Collected data
▬▬▬

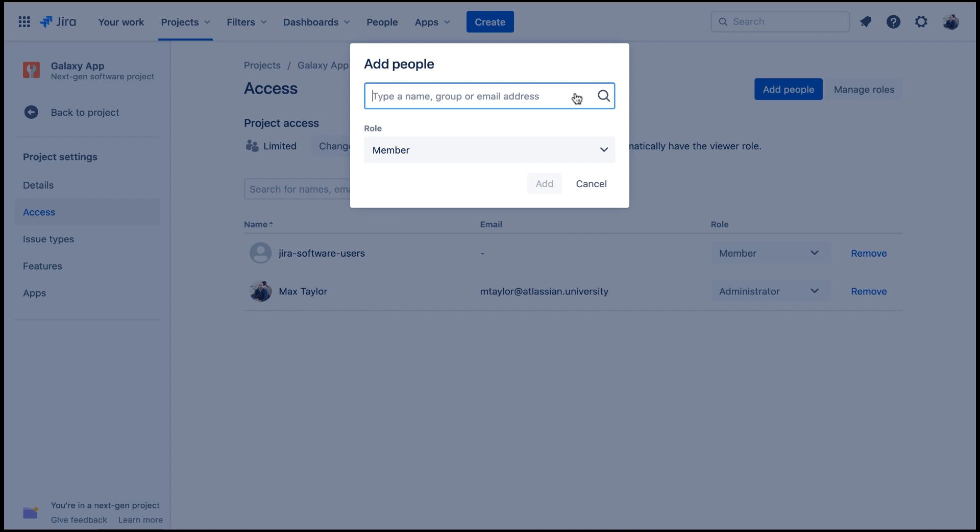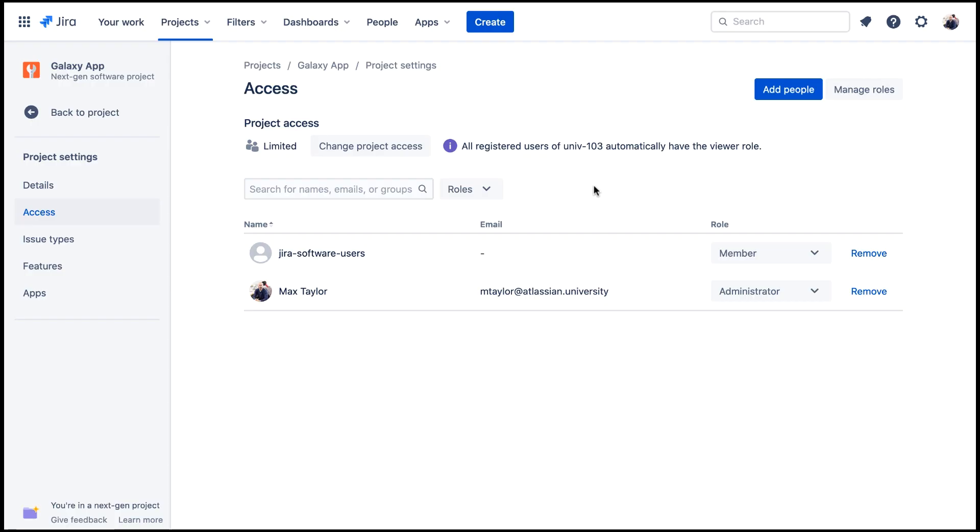Even if this setting is off, the Project Administrator can invite users from Approved Domains. Let's cancel out. Thank you.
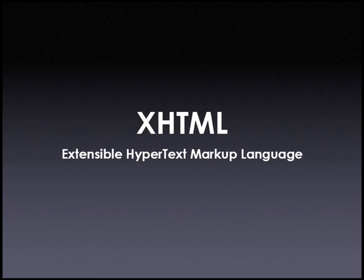Now, does this mean you can't use regular old HTML in Dreamweaver 8? Absolutely not. Dreamweaver works just as well with HTML as it does with XHTML. Now, what does this all mean to you if you're someone who's never coded a line of HTML before? Well, not that much.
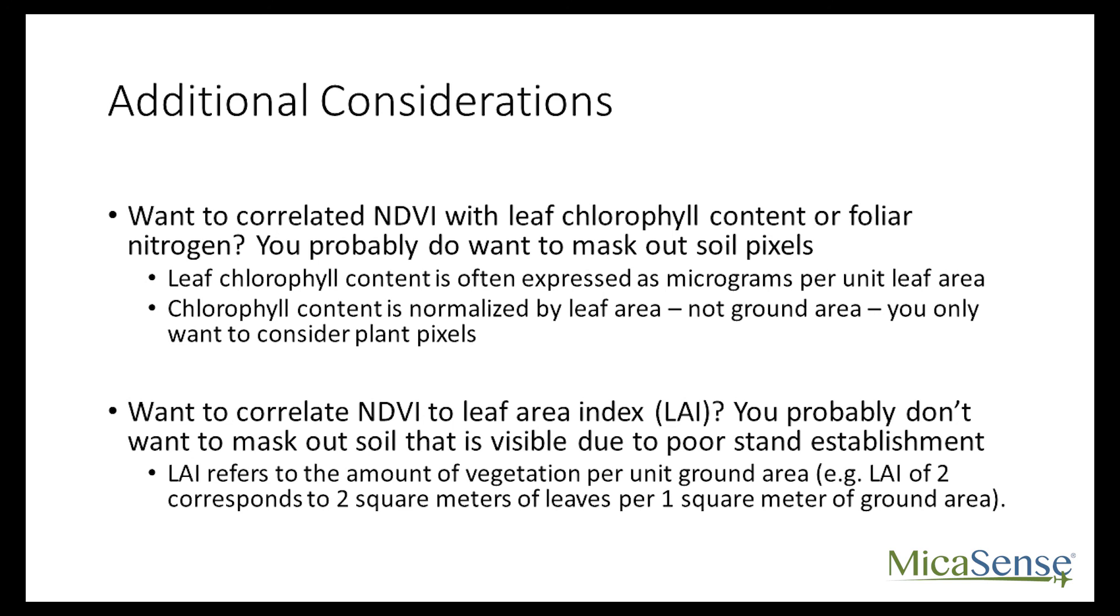If you want to correlate NDVI to leaf area index, then you probably don't want to mask out soil that is visible due to poor stand establishment. Leaf area index refers to the amount of vegetation per unit ground area. Therefore, masking out soil is equivalent to unevenly filtering out part of the ground area, which doesn't make sense if you want to proxy for something that is normalized by ground area.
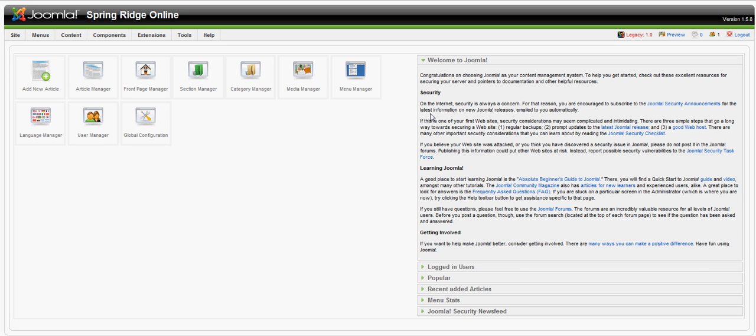I'm going to show you a quick tutorial on how to use Joomla's doc man program. First, you want to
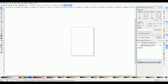Hello everyone and welcome to my new series of Inkscape tutorials. I'm just going to say right off the bat that I am by no means a master of this program — I just know how to use it to get it to do what I need it to do.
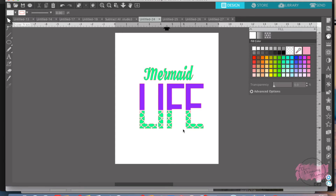That is how you do the first design — the mermaid life. There are a lot of different variations: marine life, sailor life with a sail — you can do all sorts of fun designs.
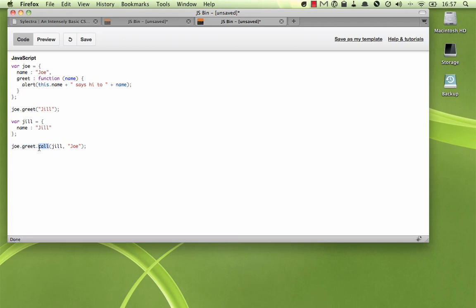What call does is it allows you to call the greet method on a different object, an object that it is not actually built onto. So here we see the greet method is built onto the Joe object. But what we're doing here is the first parameter we pass into the call method tells us what object we want the greet method to be called on.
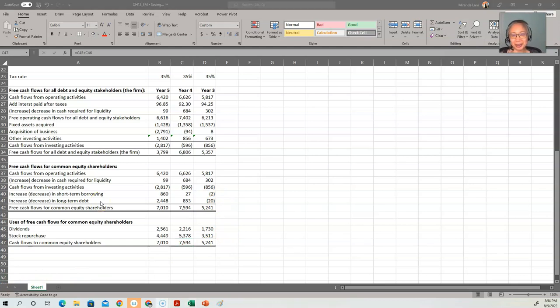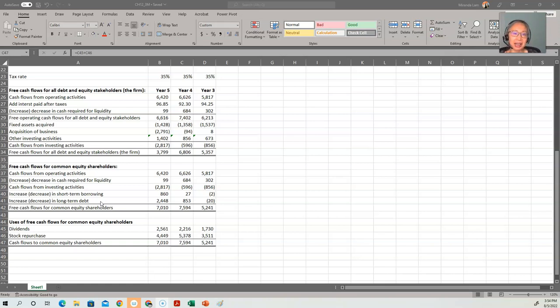We'll end this video here because this is a good stopping point. In the next video, we're going to look at how we compute free cash flow using other starting points besides the statement of cash flows. See you soon.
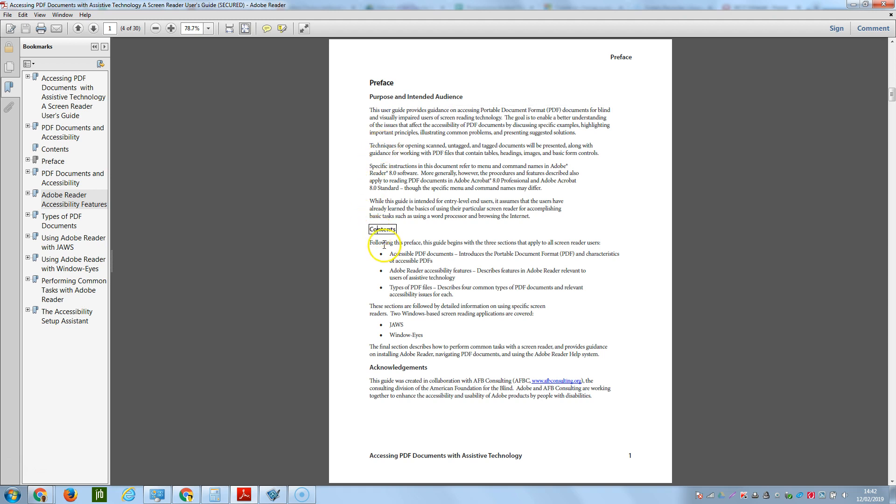Contents. Following this preface, this guide begins with the three sections that apply to all screen reader users.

▬▬▬

Retype exactly the lines above, starting at the line containing "That is how" and ending with the last line, both included; leave out the pictures.

**Exercise answer:**
That is how you do the first design — the mermaid life. There are a lot of different variations: marine life, sailor life with a sail — you can do all sorts of fun designs.
What call does is it allows you to call the greet method on a different object, an object that it is not actually built onto. So here we see the greet method is built onto the Joe object. But what we're doing here is the first parameter we pass into the call method tells us what object we want the greet method to be called on.
We'll end this video here because this is a good stopping point. In the next video, we're going to look at how we compute free cash flow using other starting points besides the statement of cash flows. See you soon.
Contents. Following this preface, this guide begins with the three sections that apply to all screen reader users.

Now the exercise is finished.